Scholz erzählt, dass sie selbst bei Grubenunglücken weinende Frauen am Telefon hatte, als auf Consol fünf Bergleute nicht mehr rausgekommen sind. Doch die Frage, ob der Ehemann unter den Verschütteten ist, habe sie gar nicht beantworten können, sie habe nur weitervermitteln können. Dennoch seien die Gespräche mit den Ehefrauen auch ein wenig Telefonseelsorge gewesen. Grubenunglücke seien echte Bewährungsproben für alle in der Telefonzentrale gewesen. Manchmal seien alle wie versteinert gewesen, und man habe tagelang nicht miteinander gesprochen.
Viele Nummern auswendig gelernt
Jeden Morgen um 6 Uhr mussten sich alle Schachtanlagen per Funk in der Telefonzentrale melden, die in einem historischen Gebäude am Shamrockring untergebracht war.

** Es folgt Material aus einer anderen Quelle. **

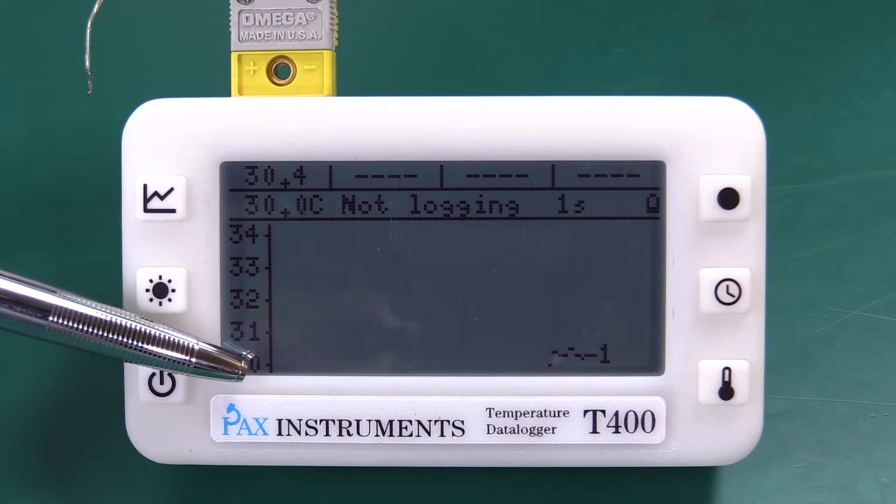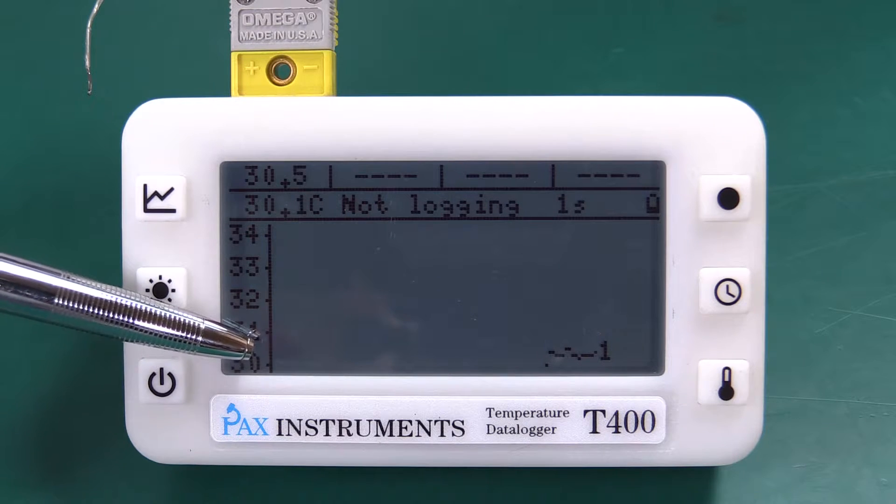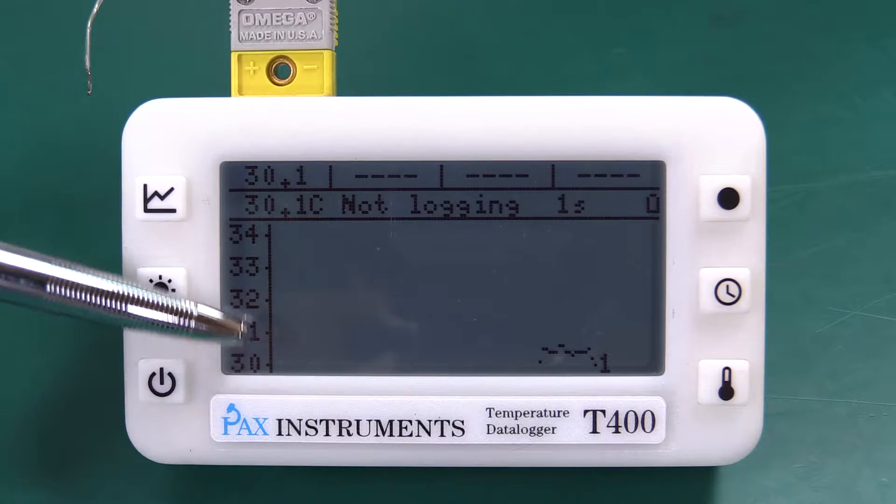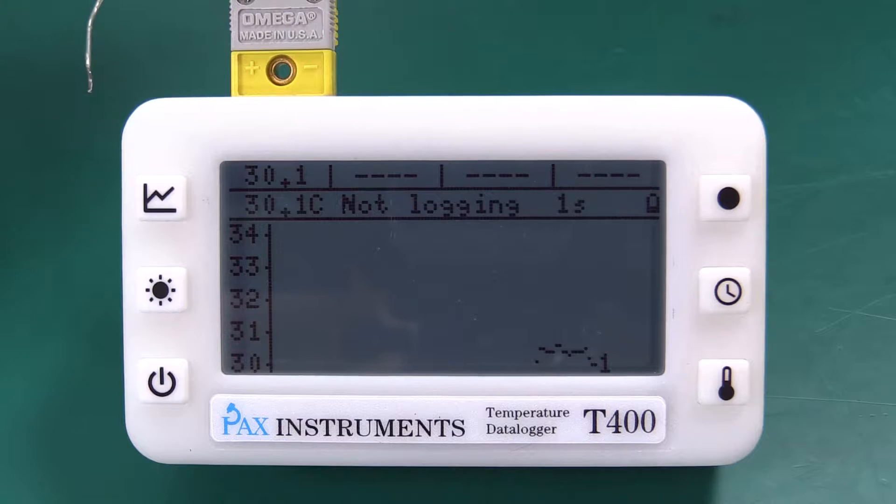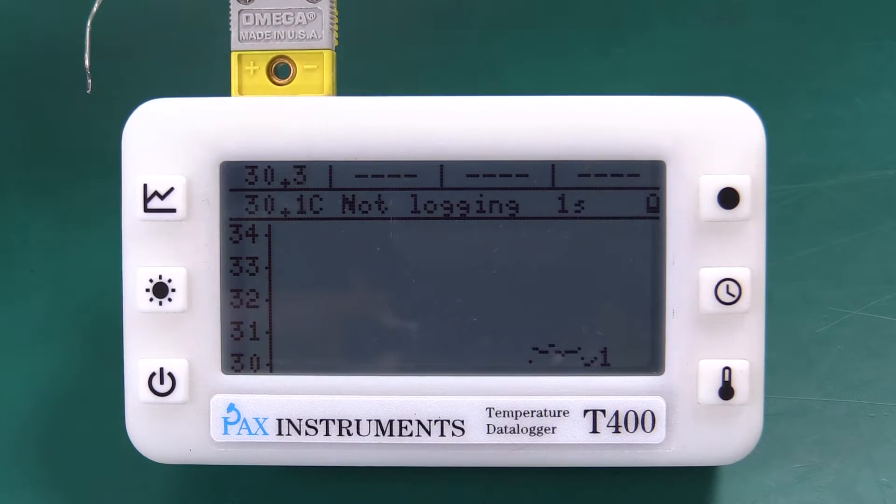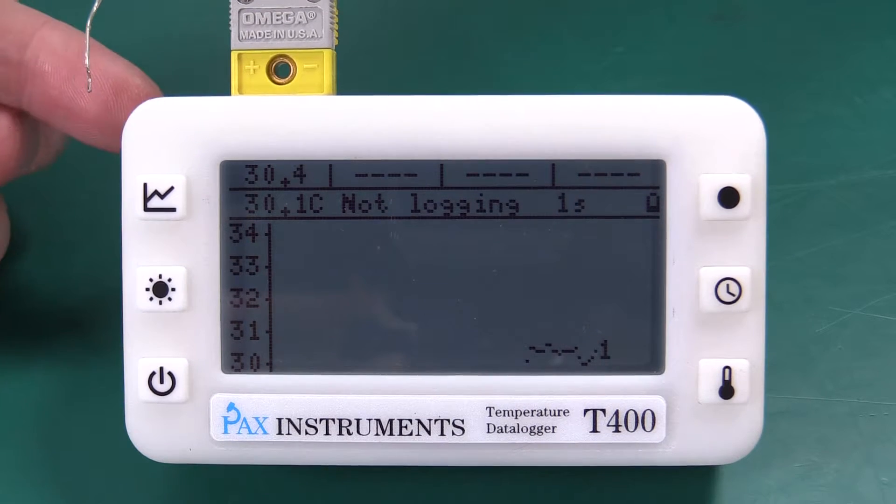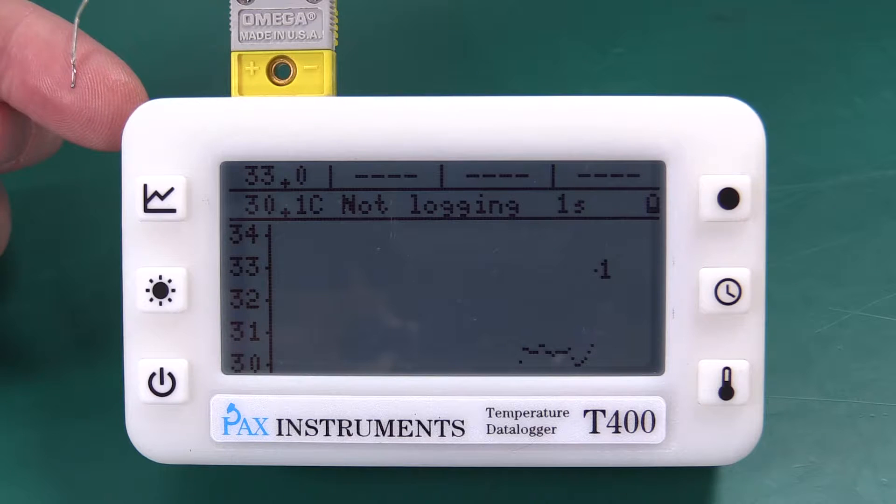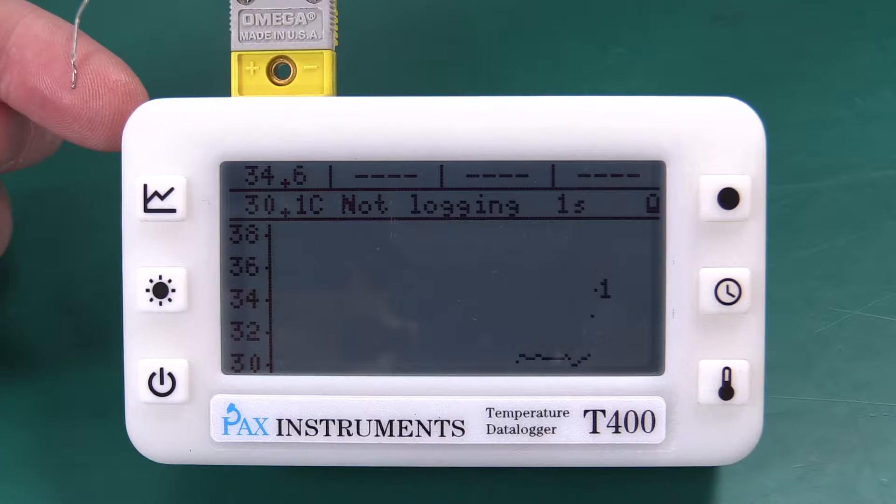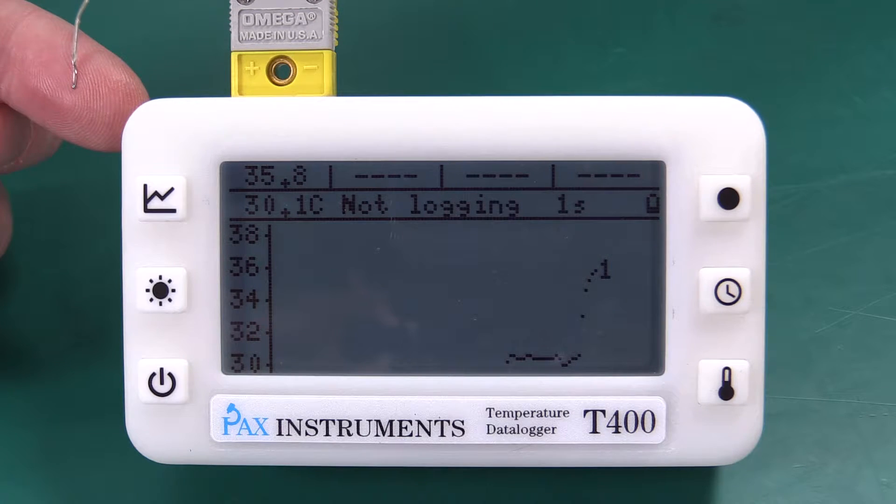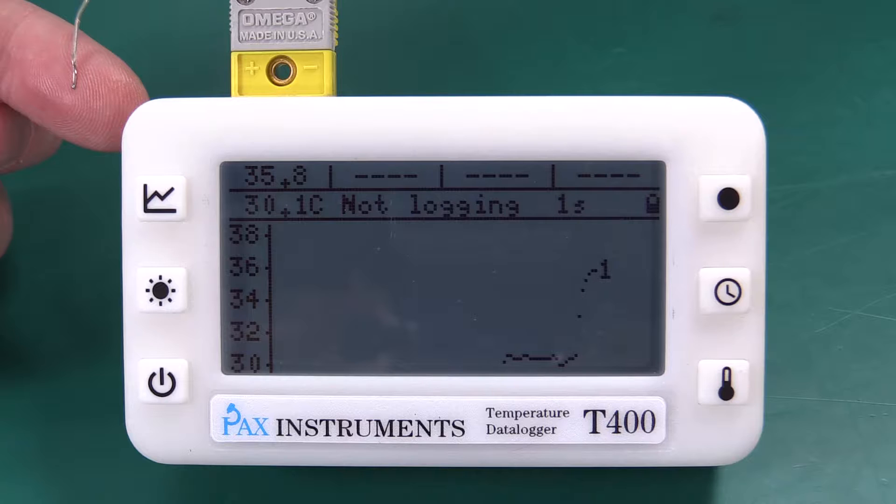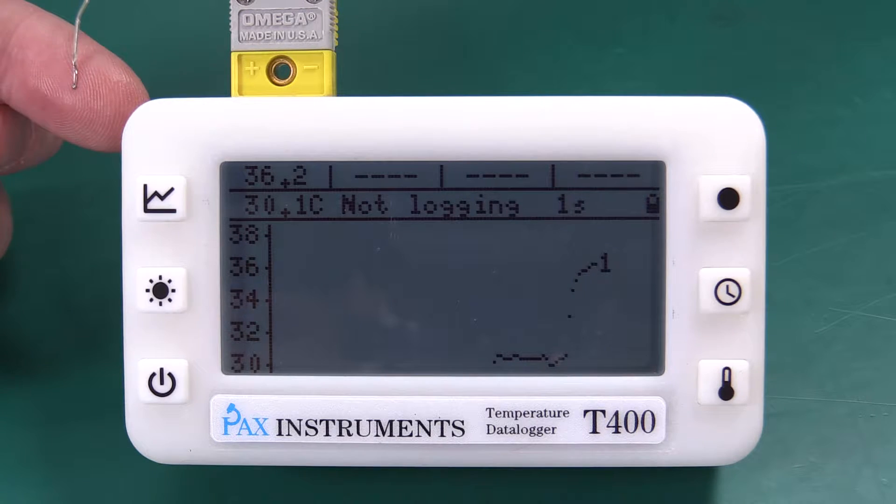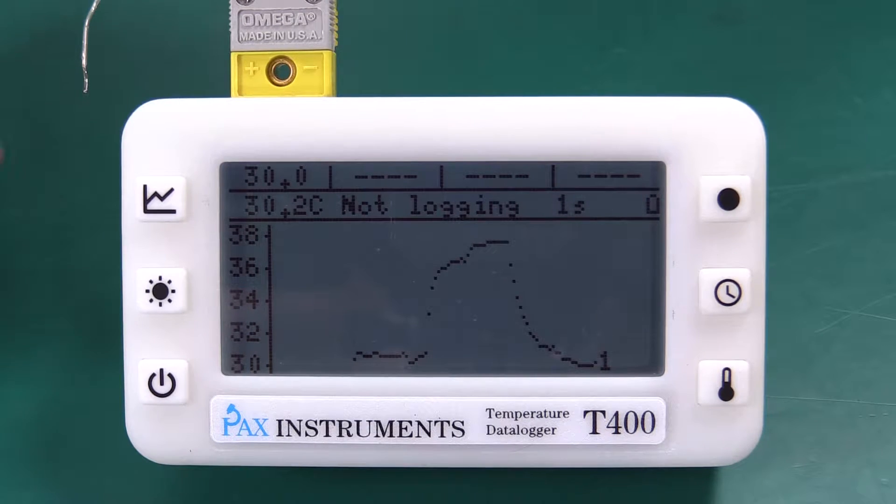The initial scale will be one degree per tick and that will scale as we get more data on the screen. If we just touch the thermocouple tip it very quickly shoots up. Let's try it with a lighter.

Funk deshalb, weil beim Grubenunglück die Telefone auch kaputt sind. Aus heutiger Sicht könne man sich gar nicht vorstellen, wie wichtig damals eine Telefonzentrale und Funk war.
Deshalb sei der Vorstand sehr darauf bedacht gewesen, dass Scholz und ihre Kollegen gut arbeiten und dass sie in der Nähe des Vorstands waren. Hinzu kam: Da es noch keine Durchwahlen gab, musste aus der Zentrale verbunden werden. Deshalb habe es nie lange läuten dürfen, es hätte ja für den Vorstand sein können. An die Zentralnummer erinnert sich Scholz noch bestens: 02323-150.
Geschah ein Unglück, hatte die Telefonzentrale die Aufgabe, alle möglichen Abteilungen und Bereitschaftsdienste zu alarmieren. Umgekehrt seien unheimlich viele Anrufe in der Zentrale eingegangen.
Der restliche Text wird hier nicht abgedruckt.